I was asked by a fellow chaser about my thoughts as to why convective initiation failed during the afternoon south of the central Iowa activity... Here are my thoughts:
I think the fact that the winds veered a bit ahead of the dryline resulted in less surface convergence. There aren't any upper air soundings from the area ahead of the dryline/pacific front, as TOP is too far west, OAX is west, DVN is east, MPX is too far north... SGF was in the warm sector, but too far ahead of the dryline, which explains the low instability on that sounding. Regardless, there was relatively weak surface convergence on the dryline/front. Weak instability (max of 1000 SBCAPE) created problems as well... With the very strong flow aloft, dry air entrainment was likely intense, so any updraft that tried to develop probably just couldn't survive the hostile environment (very high shear). This strong shear not only likely ripped up updrafts / TCu, but also forced try air into the updraft, leading to evaporational cooling, and thus killing the updraft. We really needed stronger convergence (to allow for more persistant initiation attemps) and stronger instability to allow an updraft to survive the high wind shear and dry air entrainment aloft.

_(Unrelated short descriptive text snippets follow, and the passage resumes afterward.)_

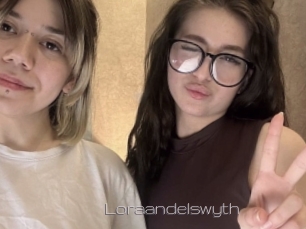 loraandelswyth Vidéo de lesbienne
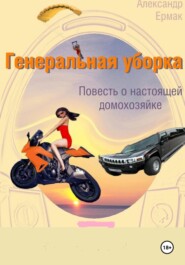 бесплатно читать книгу Генеральная уборка автора Александр Ермак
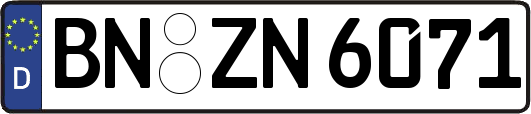 BN-ZN6071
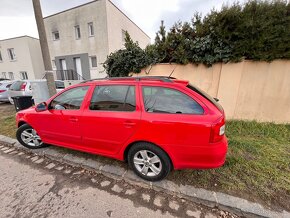 Skoda octavia 1.6 diesel. 2010 - 2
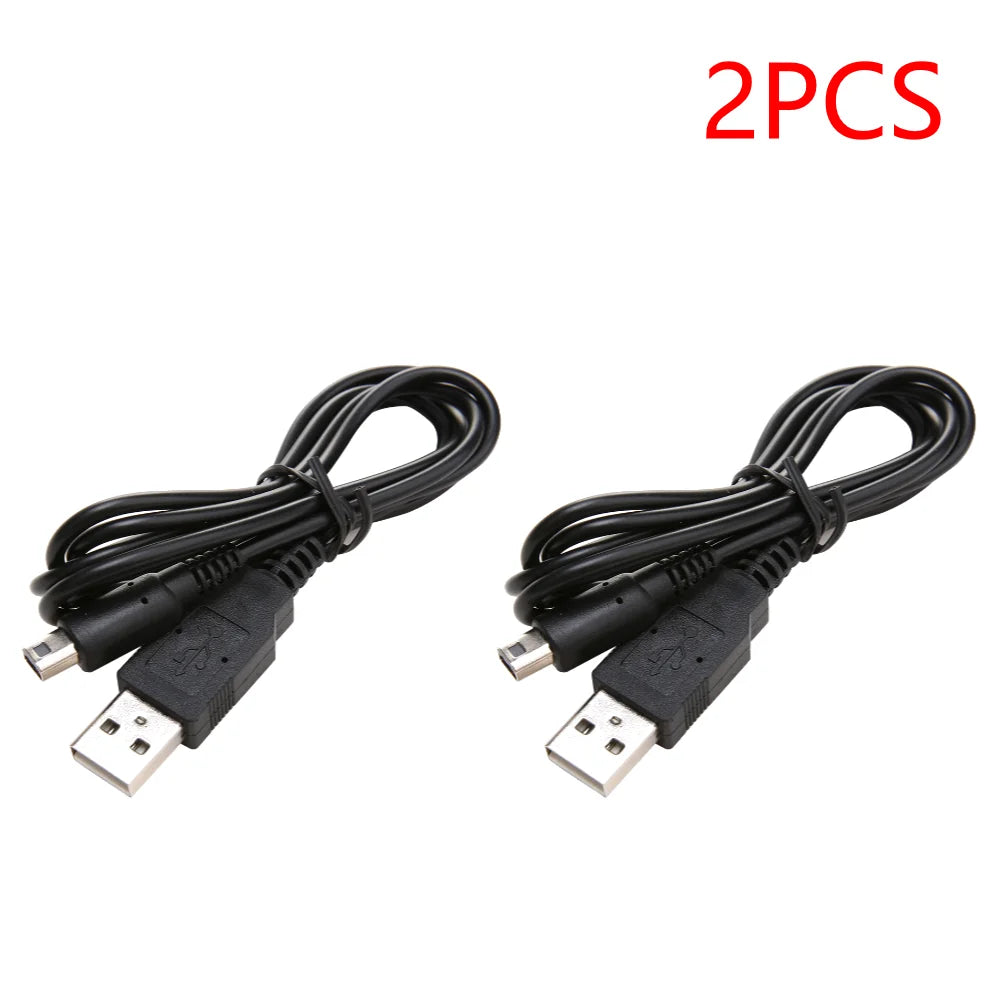 USB-Ladekabel Nintendo 3DS 2DS DSi 13 cm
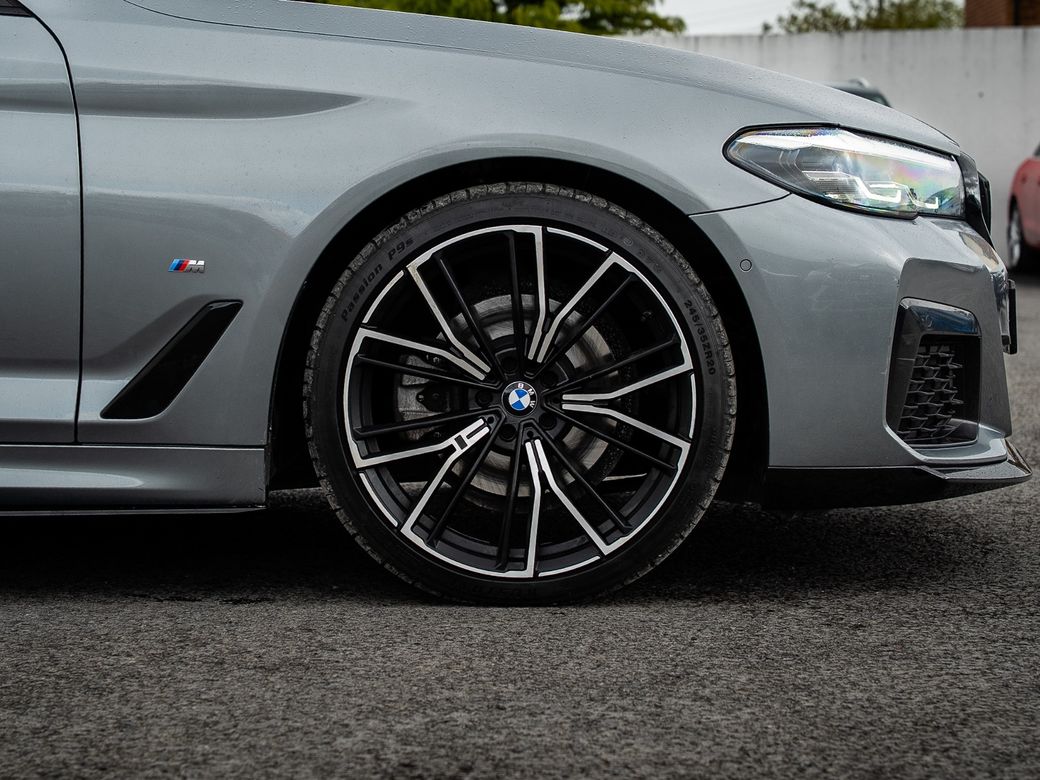 2023 BMW 5 Series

In addition, The vort max swung through eastern Kansas in the late morning, and was located from central MO to Des Moines to northwestern IA by 0z. Differential negative vorticity advection was then occuring behind this wave, which leads to large-scale subsidence across eastern KS and western MO by afternoon. This then leads to warming mid-level temperatures, further reducing potential instability, and yielding a stronger cap. Subsidence aloft also likely diminished convergence at the surface. Meanwhile, the supercells in central Iowa formed immediately ahead of the vort max (the convection aided by strong DPVA ahead of the wave). The position of the jet streak in the upper-levels also places eastern KS and extreme western MO is the left-entrance region, which yields upper-level convergence, and creating more subsidence and weakening surface convergence along the dryline.
A weak shortwave / vort max is seen on the RUC analysis in central OK, which is likely promoting the convective development that has occurred the past few hours in southeastern OK and extreme sw MO.